The jitterbug began in the 1930’s and often is found among other dance forms of the same era that is similar to the way these dance routines are performed. Even the jitterbug has variations according to the nationality of the person performing this American dance. It is linked with The East Coast Swing, jive, Lindy Hop, and other swing dances.
The jitterbug is performed in a way that uses swing movements, but the pelvic area is used quite a bit. The man places his hand on the lower portion of the lady’s back and then holds her hand and you dance to the fast paced music; you must sway your hips back and forth while keeping your shoulder straight and level as you glide across the dance floor with her.
African Americans, on the other hand, had similar movements but were more erotic and extreme even though the dance moves were smooth, there was bouncing, hopping, and a bit more on the “dirty side” with some of the moves that were included in the dance.
The Savory Ballroom helped make the jitterbug and other swing dance forms popular with many patrons coming to just watch the dancers adding their own variations of the dance moves.
During World War II, the United States government placed a federal excise tax of 30 percent on any night club that allowed dancing in 1944. All across America, many night club owners could not afford the tax and had to place “no dancing” signs up in the clubs.

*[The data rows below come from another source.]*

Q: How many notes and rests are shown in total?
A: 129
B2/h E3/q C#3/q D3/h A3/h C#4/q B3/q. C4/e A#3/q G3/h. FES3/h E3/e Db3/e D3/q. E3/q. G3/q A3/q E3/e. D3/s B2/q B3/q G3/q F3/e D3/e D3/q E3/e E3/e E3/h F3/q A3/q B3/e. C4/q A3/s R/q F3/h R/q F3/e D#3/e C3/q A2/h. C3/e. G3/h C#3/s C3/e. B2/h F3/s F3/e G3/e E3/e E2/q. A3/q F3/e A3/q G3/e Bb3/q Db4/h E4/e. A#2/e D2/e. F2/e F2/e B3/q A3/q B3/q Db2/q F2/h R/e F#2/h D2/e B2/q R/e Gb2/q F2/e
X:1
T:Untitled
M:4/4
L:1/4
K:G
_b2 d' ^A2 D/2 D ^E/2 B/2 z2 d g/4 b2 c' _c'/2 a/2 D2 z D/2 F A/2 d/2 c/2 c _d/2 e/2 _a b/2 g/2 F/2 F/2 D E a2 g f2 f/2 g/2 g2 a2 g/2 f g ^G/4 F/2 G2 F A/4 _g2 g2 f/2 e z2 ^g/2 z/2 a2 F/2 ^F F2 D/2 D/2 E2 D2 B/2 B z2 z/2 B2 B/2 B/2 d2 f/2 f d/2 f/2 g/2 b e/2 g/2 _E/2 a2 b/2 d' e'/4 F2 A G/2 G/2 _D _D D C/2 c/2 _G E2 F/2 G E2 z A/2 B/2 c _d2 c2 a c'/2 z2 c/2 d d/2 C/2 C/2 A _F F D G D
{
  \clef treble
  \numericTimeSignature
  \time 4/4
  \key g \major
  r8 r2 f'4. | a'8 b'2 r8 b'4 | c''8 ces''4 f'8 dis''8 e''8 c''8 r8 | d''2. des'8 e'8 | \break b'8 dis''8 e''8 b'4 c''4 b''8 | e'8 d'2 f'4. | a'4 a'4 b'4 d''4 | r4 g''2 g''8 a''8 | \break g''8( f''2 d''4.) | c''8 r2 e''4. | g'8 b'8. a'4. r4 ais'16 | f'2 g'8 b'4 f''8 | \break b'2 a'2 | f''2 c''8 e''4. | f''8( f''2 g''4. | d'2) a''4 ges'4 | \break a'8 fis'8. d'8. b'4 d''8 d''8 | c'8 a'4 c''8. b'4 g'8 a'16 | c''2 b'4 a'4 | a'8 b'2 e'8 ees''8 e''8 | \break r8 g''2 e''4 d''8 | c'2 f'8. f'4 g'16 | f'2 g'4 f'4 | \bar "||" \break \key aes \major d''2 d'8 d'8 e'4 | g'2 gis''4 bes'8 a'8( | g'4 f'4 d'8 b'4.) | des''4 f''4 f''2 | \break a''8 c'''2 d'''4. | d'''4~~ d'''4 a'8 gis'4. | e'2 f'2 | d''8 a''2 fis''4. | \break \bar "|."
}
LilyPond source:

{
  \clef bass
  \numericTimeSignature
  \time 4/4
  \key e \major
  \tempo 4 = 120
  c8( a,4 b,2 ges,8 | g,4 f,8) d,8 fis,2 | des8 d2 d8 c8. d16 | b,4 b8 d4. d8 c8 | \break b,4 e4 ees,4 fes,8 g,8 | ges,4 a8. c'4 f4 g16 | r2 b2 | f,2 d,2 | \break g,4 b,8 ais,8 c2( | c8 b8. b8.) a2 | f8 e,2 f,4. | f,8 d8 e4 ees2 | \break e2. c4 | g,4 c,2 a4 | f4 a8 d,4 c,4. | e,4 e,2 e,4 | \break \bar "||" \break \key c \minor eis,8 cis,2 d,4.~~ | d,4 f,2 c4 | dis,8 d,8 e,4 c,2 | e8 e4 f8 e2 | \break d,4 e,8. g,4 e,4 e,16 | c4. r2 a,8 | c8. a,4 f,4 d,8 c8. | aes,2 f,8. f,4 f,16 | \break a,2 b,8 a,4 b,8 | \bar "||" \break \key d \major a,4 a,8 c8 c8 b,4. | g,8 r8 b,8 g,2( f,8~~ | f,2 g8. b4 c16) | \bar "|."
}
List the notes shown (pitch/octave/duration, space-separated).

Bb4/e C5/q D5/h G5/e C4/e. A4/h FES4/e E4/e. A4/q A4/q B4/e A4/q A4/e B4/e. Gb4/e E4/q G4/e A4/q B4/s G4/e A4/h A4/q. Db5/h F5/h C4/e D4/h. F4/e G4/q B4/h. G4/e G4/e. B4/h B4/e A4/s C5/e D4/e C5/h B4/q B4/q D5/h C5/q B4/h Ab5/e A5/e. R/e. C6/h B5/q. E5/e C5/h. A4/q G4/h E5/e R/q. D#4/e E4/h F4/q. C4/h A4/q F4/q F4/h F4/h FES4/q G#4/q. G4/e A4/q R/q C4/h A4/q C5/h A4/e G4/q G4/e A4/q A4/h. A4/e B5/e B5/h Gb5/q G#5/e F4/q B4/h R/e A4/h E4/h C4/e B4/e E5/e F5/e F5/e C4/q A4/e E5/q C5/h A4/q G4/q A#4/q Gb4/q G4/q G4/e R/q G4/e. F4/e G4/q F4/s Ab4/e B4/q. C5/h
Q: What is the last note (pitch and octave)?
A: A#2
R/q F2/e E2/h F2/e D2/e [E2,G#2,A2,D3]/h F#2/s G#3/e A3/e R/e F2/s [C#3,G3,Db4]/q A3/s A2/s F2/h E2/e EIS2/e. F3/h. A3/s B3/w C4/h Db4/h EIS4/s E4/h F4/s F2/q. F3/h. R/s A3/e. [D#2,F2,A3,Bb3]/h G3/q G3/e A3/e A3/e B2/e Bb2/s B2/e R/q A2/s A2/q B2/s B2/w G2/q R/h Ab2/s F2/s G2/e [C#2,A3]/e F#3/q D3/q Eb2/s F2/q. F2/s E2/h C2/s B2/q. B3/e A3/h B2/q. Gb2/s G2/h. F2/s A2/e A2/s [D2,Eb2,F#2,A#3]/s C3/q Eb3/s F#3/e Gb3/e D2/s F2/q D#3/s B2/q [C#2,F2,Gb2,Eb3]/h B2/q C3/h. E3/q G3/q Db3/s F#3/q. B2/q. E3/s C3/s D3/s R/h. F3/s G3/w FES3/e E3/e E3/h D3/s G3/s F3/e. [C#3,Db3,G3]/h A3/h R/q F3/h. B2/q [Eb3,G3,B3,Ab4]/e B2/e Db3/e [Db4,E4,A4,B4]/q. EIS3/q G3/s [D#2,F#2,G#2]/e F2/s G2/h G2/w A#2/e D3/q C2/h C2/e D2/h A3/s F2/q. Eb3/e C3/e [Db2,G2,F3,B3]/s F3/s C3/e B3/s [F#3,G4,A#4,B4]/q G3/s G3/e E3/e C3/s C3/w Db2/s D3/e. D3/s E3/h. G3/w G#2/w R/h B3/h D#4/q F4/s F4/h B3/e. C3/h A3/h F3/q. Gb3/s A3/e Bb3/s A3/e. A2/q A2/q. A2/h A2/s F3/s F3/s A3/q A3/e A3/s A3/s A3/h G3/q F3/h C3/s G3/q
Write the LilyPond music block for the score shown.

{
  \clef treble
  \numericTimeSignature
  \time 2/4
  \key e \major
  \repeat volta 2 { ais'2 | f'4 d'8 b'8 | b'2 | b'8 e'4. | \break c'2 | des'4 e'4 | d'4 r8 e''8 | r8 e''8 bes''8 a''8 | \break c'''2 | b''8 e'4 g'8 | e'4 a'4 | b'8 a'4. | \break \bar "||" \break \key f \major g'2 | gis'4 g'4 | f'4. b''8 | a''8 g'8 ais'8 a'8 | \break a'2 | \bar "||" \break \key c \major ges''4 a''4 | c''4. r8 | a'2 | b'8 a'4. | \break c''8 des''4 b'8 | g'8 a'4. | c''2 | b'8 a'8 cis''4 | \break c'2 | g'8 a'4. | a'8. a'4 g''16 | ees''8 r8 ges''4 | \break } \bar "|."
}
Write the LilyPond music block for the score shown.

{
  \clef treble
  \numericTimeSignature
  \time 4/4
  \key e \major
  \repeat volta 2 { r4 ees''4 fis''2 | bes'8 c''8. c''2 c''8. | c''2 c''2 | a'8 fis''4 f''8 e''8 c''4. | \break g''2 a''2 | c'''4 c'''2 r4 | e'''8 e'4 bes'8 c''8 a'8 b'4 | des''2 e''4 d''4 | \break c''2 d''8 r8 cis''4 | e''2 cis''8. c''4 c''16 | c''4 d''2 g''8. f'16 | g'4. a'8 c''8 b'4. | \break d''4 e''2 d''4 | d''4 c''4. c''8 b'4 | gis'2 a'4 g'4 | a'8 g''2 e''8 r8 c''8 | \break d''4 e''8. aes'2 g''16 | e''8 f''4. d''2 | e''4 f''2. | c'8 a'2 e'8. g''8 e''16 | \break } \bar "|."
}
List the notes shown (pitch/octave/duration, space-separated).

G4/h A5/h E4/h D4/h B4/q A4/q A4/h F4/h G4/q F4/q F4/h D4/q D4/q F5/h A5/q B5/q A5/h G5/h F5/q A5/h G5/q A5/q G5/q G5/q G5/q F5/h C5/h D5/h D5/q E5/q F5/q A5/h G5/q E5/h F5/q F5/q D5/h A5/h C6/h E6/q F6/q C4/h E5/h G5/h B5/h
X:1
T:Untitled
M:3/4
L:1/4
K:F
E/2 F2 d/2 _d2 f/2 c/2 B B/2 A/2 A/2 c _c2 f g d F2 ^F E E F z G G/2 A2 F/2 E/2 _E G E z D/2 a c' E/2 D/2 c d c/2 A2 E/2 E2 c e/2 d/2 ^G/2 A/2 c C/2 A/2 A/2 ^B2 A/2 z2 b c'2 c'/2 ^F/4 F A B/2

On the other hand, during this same time period, the jitterbug found its way across the globe as Americans were stationed in other countries. Many of the ballrooms had been closed until the American soldiers arrived and many British working class women who had never danced before began seeing American couples dancing. After D-Day in November of 1945, American troops were sent home, and English couples were warned not to perform this rude American style of dancing. But, by 1946, it was the hottest dance in England with competitions being held in Australia.